Selected publications:

(1) G. Li, B. Wang, D. E. Resasco, “Water promotion (or inhibition) of condensation reactions depends on exposed cerium oxide catalyst facets” ACS Catal. 2020, 9(10), 5373-5382.

(2) G. Li, B. Wang, D. E. Resasco, “Water-mediated heterogeneous catalysis” ACS Catal. 2020, 10, 2, 1294-1309.

(3) G. Li, S. Dissanayake, S. L. Suib, D. E. Resasco, “Mesoporous oxide catalysts for aldol condensation of cyclopentanone. Copmarison of activity and stability of Meso-CeO₂ and Meso-ZrO₂” Appl. Catal. B: Environ. 2020, 267, 118373.

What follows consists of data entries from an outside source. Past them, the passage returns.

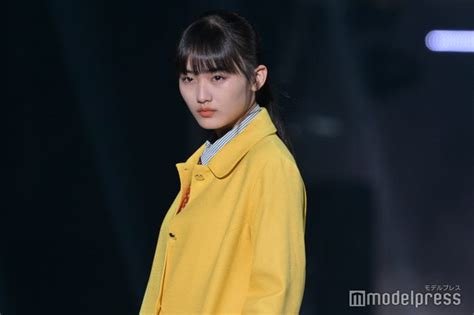 櫻坂46山崎天、異彩オーラで柄物融合スタイル着こなす＜tgc 2022 A／w＞ モデルプレス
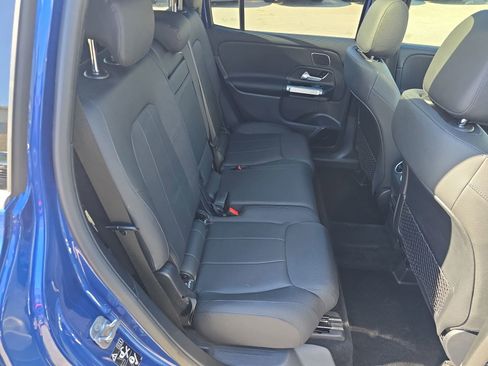 Used 2024 Mercedes-Benz GLB 250 4MATIC image 11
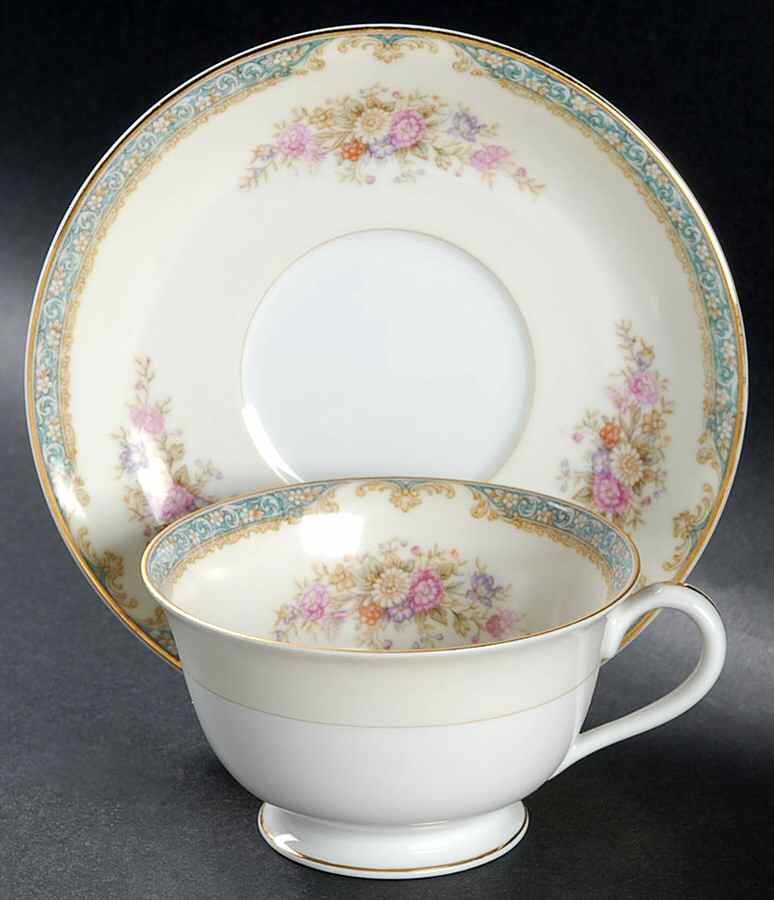 N915 Footed Cup & Saucer Set by Noritake-1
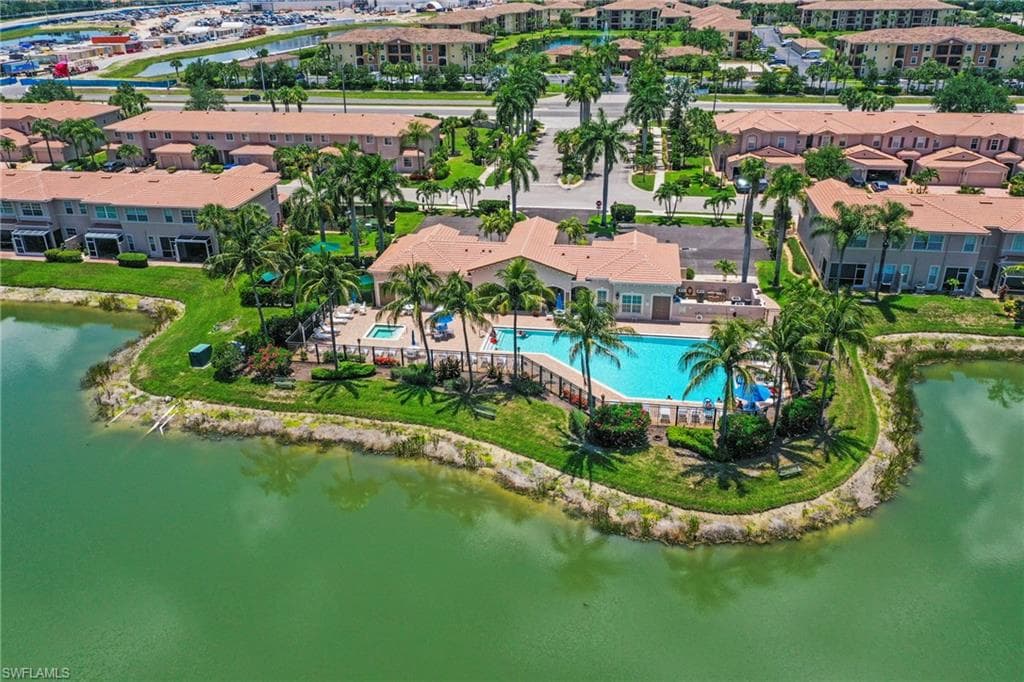 3916 Cherrybrook LOOP FORT MYERS, FL 33966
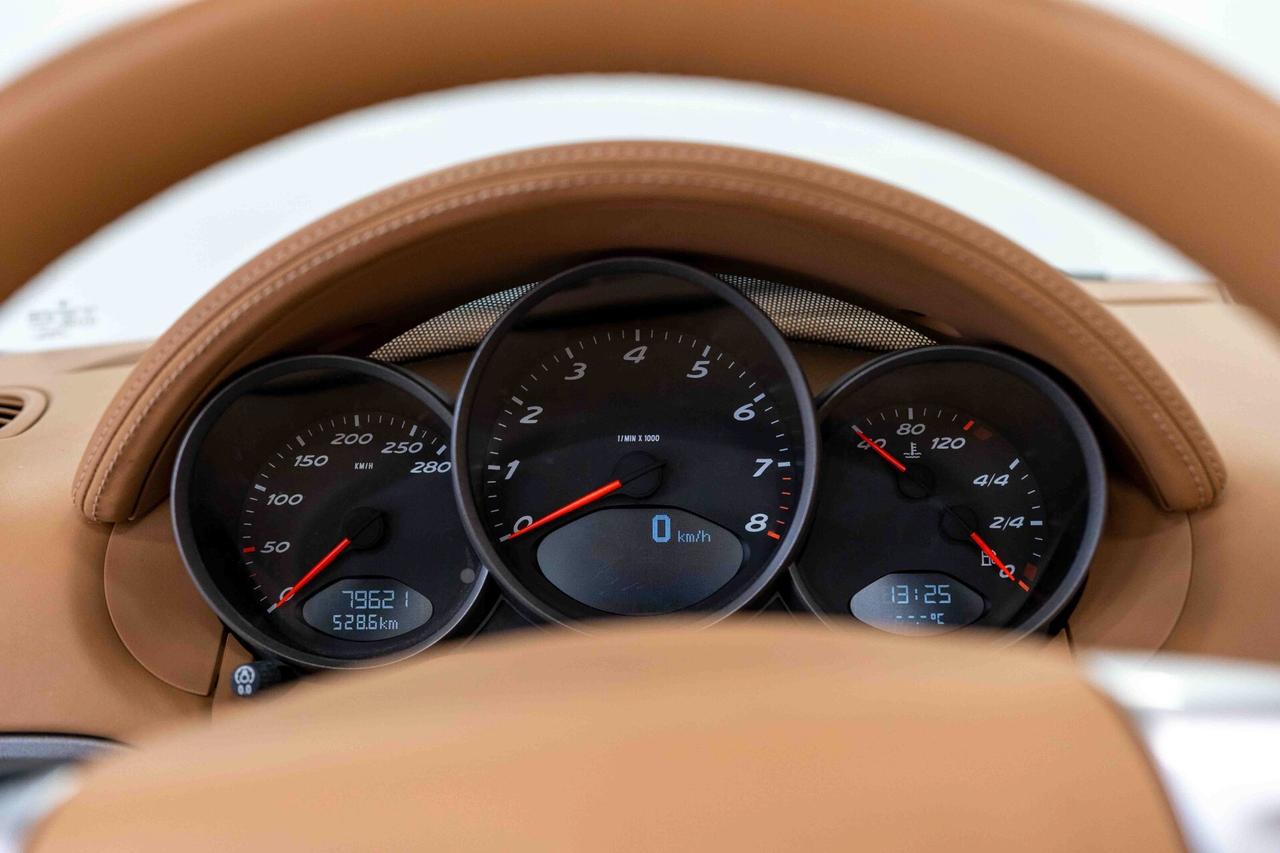 Porsche Boxster 2.7 (987)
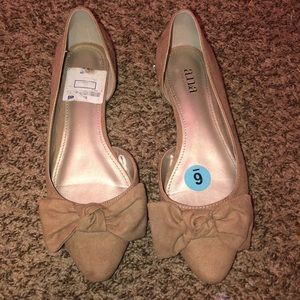size 6 tan flats professional! Like new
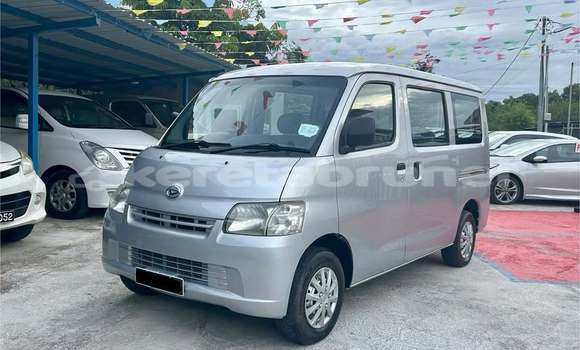 Buy Used Daihatsu Gran Move Other Car in Bandar Seri Begawan in Brunei-Muara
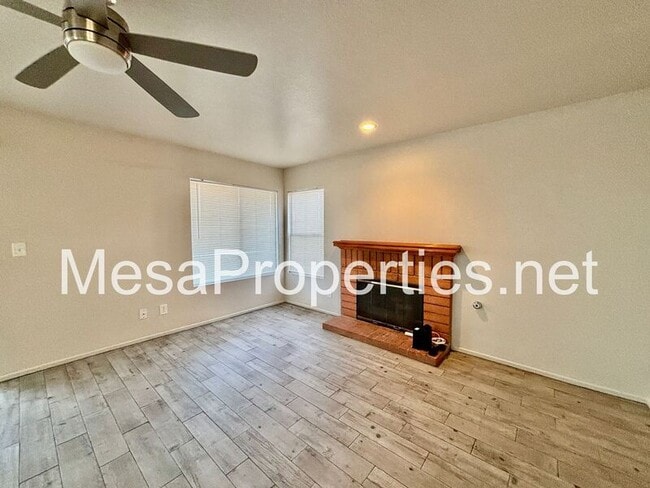 Building Photo - 12914 Tiburon Dr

(4) G. Li, B. Wang, B. Chen, D. E. Resasco, “Role of water in cyclopentanone self-condensation reaction catalyzed by MCM-41 Functionalized with sulfonic acid groups” J. Catal. 2019, 377, 245-254.

(5) G. Li, L. Tan, Y. Zhang, B. Wu, L. Li, “Highly efficiently delaminated single-layered MXene nanosheets with large lateral size” Langmuir 2017, 33, 9000-9006.

(6) G. Li, L. Li, Y. Yuan, J. Shi, Y. Yuan, Y. Li, W. Zhao, J. Shi, “Highly efficient mesoporous Pd/CeO₂ catalyst for low temperature CO oxidation especially under moisture condition” Appl. Catal. B: Environ. 2014, 158-159, 341-347.